Professor Shanta Persaud and Professor Aileen King’s Beta Cell Therapy Programme Grant project
Professor Shanta Persaud and Professor Aileen King are world-leading experts at studying how insulin-producing beta cells work and develop in humans. They’ll use their specialised knowledge to run state-of-the-art experiments and find ways to improve methods to engineer new beta cells in the lab, so they act and react more like real human beta cells. This project could help to accelerate progress towards life-changing new treatments that restore insulin production in people with type 1 and bring us closer to a cell-based cure for the condition.
People with type 1 diabetes rely on insulin injections or pumps to replace what the immune system has destroyed. While insulin therapy is lifesaving, current insulins don’t come close to the minute-to-minute adjustments that beta cells make to manage blood sugar levels.
Scientists have been trying to find ways to give people with type 1 new beta cells, by making them in the lab from stem cells and transplanting them inside the body. Although lots of progress has been made in recent years, lab-made cells just aren’t as good at producing insulin or responding to changing blood sugar levels as real beta cells are.
Lots of what we know about turning stem cells into beta cells is based on how beta cells develop in mice. But Professor Persaud and Professor King have been studying human pancreas development and want to harness this knowledge to make better performing beta cells that are well equipped to survive transplantation.
Professor Persaud and Professor King will lead a team to:
They’ve discovered that cells that support nerve cells (called Schwann cells) may also help support beta cells. They will carry out tests to see if Schwann cells could improve the ability of stem cells to transform into functioning beta cells.
Once beta cells have been made, the team must make sure they are an elite class of insulin producers. They’ll run tests to see what type of support, nutrients and special molecules can help the newly made cells work even better.
Next, they’ll use state-of-the-art techniques to rigorously test if the lab-made beta cells are really acting like real beta cells. This includes looking at how the lab-made beta cells use oxygen, store insulin and respond to rising blood sugar levels.
The team will coat clusters of lab-grown beta cells with survival boosting molecules, by a process called nanoencapsulation, and test if this helps them survive transplantation better.
Having an unlimited supply of elite beta cells ready for transplantation could mean a future where people with type 1 diabetes never have to think about their blood sugar levels or insulin, because their beta cells are doing it for them. While transplants would also help to reduce the risk of developing diabetes complications.
If successful, this project will turbo charge progress towards clinical trials of transplants using new and improved lab-grown lab cells, and move us closer to a cure.
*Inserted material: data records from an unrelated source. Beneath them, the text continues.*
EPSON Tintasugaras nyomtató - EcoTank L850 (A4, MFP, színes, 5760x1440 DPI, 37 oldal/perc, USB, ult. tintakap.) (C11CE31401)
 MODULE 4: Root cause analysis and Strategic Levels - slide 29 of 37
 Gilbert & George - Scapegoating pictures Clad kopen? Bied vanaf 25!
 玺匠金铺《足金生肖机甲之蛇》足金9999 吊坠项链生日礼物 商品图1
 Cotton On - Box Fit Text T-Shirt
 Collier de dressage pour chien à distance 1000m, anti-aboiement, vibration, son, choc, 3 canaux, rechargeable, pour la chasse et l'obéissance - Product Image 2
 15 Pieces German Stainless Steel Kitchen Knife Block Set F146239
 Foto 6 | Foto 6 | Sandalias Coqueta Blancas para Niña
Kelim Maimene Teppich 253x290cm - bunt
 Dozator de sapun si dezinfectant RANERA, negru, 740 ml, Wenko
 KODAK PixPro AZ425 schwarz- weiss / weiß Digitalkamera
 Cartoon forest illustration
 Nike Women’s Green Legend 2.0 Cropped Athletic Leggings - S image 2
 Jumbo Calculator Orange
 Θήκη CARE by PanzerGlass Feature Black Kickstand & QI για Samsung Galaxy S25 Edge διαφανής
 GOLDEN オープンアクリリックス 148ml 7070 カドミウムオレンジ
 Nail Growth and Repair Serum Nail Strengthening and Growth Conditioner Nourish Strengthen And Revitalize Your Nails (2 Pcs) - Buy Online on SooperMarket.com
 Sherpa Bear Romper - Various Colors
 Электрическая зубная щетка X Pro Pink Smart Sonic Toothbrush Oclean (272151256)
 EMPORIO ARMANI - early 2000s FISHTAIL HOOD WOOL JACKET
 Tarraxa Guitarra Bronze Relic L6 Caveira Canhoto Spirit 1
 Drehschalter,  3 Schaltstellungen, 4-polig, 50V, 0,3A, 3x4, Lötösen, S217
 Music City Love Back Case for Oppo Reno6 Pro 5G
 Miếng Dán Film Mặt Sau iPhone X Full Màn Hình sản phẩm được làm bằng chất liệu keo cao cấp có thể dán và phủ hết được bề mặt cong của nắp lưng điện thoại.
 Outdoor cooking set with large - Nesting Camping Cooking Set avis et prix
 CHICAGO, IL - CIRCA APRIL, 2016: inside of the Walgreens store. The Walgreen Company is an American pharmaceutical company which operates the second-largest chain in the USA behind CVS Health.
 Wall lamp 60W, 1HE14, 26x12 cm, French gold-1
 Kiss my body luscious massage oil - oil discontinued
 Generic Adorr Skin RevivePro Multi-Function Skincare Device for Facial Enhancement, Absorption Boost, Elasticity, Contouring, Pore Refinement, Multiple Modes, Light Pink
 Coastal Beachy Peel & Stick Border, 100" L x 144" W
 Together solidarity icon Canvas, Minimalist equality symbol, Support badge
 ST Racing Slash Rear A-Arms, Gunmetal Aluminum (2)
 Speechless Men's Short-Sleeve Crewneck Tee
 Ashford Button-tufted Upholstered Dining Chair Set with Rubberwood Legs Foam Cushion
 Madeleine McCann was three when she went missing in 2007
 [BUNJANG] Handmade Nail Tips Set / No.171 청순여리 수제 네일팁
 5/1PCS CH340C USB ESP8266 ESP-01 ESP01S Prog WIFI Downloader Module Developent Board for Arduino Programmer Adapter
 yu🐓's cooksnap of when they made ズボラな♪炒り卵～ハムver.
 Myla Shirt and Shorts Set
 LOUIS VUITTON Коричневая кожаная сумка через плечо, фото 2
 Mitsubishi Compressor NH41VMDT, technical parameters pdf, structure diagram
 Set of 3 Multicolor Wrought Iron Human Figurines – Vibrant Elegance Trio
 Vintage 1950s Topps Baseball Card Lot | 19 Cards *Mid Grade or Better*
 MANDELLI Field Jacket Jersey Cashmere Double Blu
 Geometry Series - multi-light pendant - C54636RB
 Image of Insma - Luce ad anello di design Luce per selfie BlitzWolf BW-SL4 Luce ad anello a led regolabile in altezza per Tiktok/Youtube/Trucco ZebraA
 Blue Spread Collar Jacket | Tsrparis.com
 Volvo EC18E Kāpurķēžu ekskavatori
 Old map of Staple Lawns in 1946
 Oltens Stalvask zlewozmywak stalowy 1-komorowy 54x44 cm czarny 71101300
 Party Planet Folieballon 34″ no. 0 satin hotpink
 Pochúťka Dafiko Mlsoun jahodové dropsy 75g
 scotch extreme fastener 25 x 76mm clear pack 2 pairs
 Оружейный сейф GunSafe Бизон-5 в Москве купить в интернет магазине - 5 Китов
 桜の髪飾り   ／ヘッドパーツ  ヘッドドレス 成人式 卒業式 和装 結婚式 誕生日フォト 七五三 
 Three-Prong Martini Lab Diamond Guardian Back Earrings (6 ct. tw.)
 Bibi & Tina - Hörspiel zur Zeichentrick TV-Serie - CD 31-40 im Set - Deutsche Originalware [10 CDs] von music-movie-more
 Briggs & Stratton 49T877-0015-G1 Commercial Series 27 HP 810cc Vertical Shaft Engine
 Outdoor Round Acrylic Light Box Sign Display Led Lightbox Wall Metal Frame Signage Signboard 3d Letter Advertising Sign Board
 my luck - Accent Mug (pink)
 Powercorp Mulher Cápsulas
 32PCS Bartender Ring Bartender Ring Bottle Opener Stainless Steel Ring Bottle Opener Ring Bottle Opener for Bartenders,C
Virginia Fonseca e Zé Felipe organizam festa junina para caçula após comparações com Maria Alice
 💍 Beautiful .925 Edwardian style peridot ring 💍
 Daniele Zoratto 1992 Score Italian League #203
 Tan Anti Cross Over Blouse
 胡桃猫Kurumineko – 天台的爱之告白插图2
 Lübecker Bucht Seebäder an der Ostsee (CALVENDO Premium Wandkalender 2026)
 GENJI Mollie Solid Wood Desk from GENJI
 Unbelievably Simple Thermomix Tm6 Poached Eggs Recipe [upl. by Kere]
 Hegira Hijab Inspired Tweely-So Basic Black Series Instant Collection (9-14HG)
Professor Aileen King said:
“People with type 1 diabetes have to constantly think about their blood glucose levels and adjust their insulin doses in response. Our aspiration is to produce fully functioning beta cells suitable to implant into people living with type 1 diabetes, which do this on their behalf.
“This would be transformative for people with the condition, as it would restore the body’s minute-to-minute insulin production that is required to carefully control blood glucose levels – reducing the risk of dangerous blood sugar lows and long-term diabetes complications, while also reducing the huge psychological impact of living with diabetes.”